Table 1.
SPRC/SAMHSA item | ED-SAFE data item(s) |
---|---|
1. Thoughts of carrying out a plan | |
Recently, have you been thinking about how you might kill yourself? | Yes to one of: - ‘At any time during the past week, including today, have you thought about HOW you might do this [kill yourself]?’ - ‘At any time during the past week, including today, have you started to work out, or actually worked out, the details of how to kill yourself?’ |
| |
2. Suicide intent | |
Do you have any intention of killing yourself? | Yes to: - ‘At any time during the past week, including today, have you had any intention of acting on these thoughts of killing yourself? |
| |
3. Past suicide attempt? | |
Have you ever tried to kill yourself? | Yes to: ‘At any time in your life, including today, have you made a suicide attempt? |
| |
4. Significant mental health conditions | |
Have you had treatment for emotional problems?
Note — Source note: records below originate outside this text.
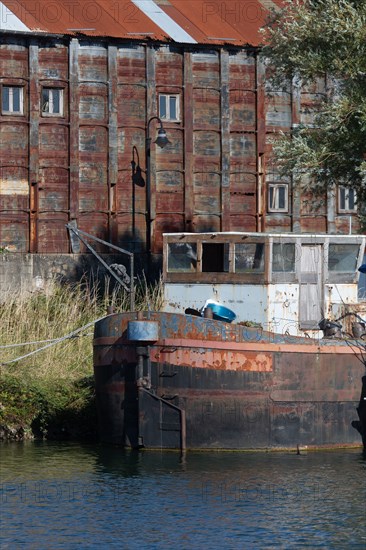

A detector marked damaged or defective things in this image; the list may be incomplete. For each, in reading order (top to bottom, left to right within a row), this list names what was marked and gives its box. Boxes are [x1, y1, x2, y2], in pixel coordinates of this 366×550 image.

rusty metal building facade [0, 1, 360, 260]
rusty barge [92, 231, 366, 450]
rusty hull plating [93, 312, 366, 450]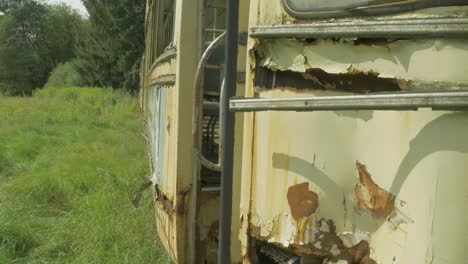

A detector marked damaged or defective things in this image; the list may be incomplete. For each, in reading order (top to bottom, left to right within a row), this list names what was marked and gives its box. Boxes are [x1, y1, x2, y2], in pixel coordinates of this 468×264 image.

broken window frame [282, 0, 468, 19]
rust hole [286, 183, 318, 222]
Do you have a mental health issue that affects your ability to do things in life? |
Yes to any one of: - Diagnosed with (List: Depression; Bipolar disorder; An anxiety disorder; Attention Deficit Disorder (ADD/ADHD); An eating disorder, like anorexia or bulimia; Schizophrenia or schizoaffective disorder; Any other psychiatric disorder - ‘Are you currently taking ANY medication(s) for an emotional or psychological problem?’ - ‘Have you ever been hospitalized for a psychological or emotional problem?’ - ‘Did you stay overnight in the hospital because of psychiatric or other mental health problems, including suicidal thoughts or actions?’ |
| |
5. Substance use problems | |
Has drinking or drug use ever been a problem for you? Or, administer CAGE or another standardized substance use disorder screener |
Positive response to any one of: - ‘Which of these drugs, if any, have you used (not for medical purposes? (List Marijuana, Painkillers, Cocaine, Tranquilizers or sedatives, Hallucinogens, Stimulants, Ecstasy, Heroin, Cold or cough medicines) - Diagnosed with ‘An alcohol use disorder, like alcohol abuse or dependence?’ - Diagnosed with ‘Any drug use disorder, like drug abuse or dependence?’ - A score of 8 or over for patients under 65 years of age or a score 7 or more for patients over 65 years on the first three items of the AUDIT (Babor et al., 2001): (1) “How often do you have a drink containing alcohol?” Never=0; Monthly or less=1; 2 to 4 times a month=2; 2 to 3 times a week=3; 4 or more times a week=4 PLUS (2) “How many drinks containing alcohol do you have on a typical day when you are drinking?” 1 or 2= 0; 3 or 4= 1; 5 or 6=2; 7, 8, or 9= 3; 10 or more= 4 PLUS (3) “How often do you have four or more drinks on one occasion?” Never= 0; Less than monthly= 1; Monthly=2; Weekly= 3; Daily or almost daily=4 |
| |
6. Irritability/agitation/aggression | |
(Recently, have you felt so anxious or agitated that you could just jump out of your skin? Have you been having conflicts or getting into fights with other people?) | Yes to one of: - ‘Feeling so restless you couldn’t sit still’ - Diagnosed with ‘An anxiety disorder?’ |
Any individual who screened positive in any one of the questions above will be defined as meeting the “elevated risk” criteria.